Justin Allegro, director for state government relations for The Nature Conservancy, said the state’s forests are in great need of restoration and treatment.

“All the forests in the state are woefully unhealthy,” he said.

This bill would recognize the importance of treating wildfires and climate change at scale, instead of “piecing around the edges,” Allegro said.

The new funding account would also set aside $70.8 million every two years for wildfire response. In the next two years, that means hiring 100 more firefighters and buying two new planes. Many fire crews are volunteer, Franz said.

The bill also would fund upgrades for local fire departments that are often the first on scene, Kretz said.

The final piece of the bill is funding community resilience projects, including fuel breaks and prescribed fires. It would also provide direct assistance to home owners to secure their property. Community resilience hasn’t been part of previous legislation, Franz said, but after seeing the destruction in the Whitman County town of Malden, she knew it should be included.
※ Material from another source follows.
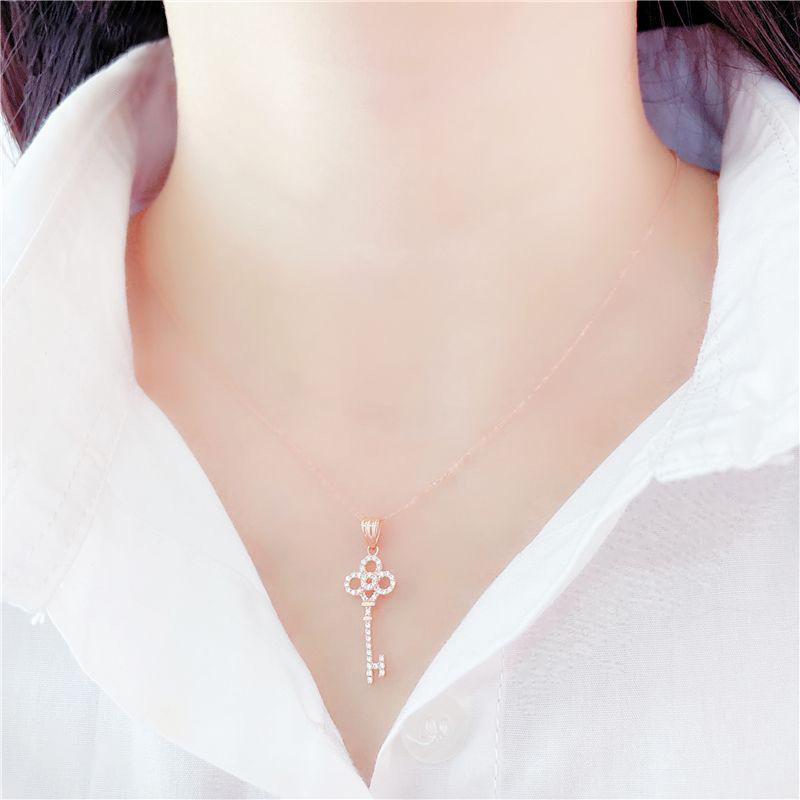 Exquisite 585 Purple Gold Russian Inlaid Zircon Shiny Key Pendant Fashionable High-End Rose Gold Plated Necklace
More than 2 million homes in Washington are vulnerable to wildfire, according to a U.S. Forest Service wildfire risk assessment.

“We need to take all steps possible to help protect our communities and give them a chance to be able to survive these fires,” Franz said.
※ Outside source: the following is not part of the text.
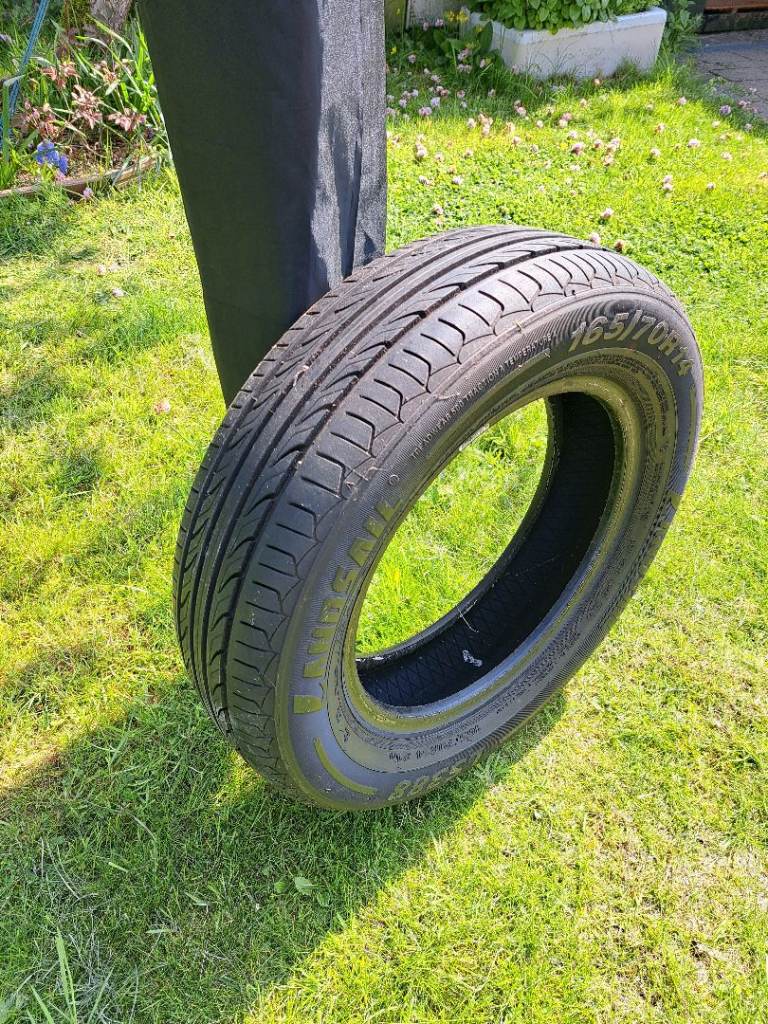 Car tyre (Landsail LS388)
Kretz pointed to the A to Z Project in Mill Creek as an example of how some communities are already doing this work by partnering with forestry groups and timber companies to treat forests and raise money for further restoration.
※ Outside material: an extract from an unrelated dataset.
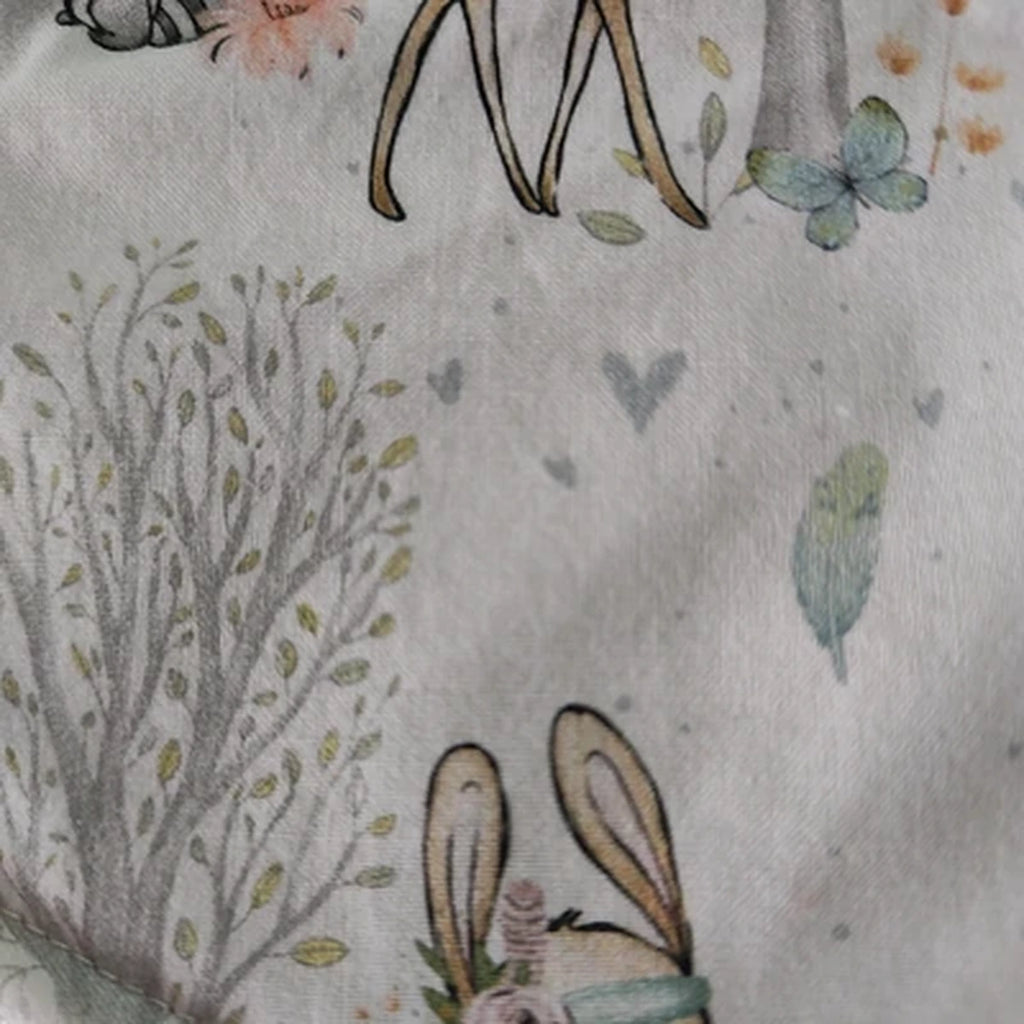 Detalle del estampado Bosque encantado sobre tela de algodón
It’s important to let communities decide on their own what is best for keeping their communities safe, Allegro said, adding that climate disasters, such as wildfires, have disproportionate effects on minorities.

This bill would allow those communities to be a part of conversations about wildfire resiliency and forest health, Allegro said. It also could encourage them to join forest health crews and wildfire fighting crews.

The bill now heads to the Senate for further consideration.

After the catastrophic fires last year, Franz said lawmakers are finally understanding wildfires are not just an Eastern Washington issue. Kretz said Seattle-area lawmakers are beginning to experience more fires starting on the West Side.

“It’s a health crisis,” Kretz said. “It’s an environmental crisis.”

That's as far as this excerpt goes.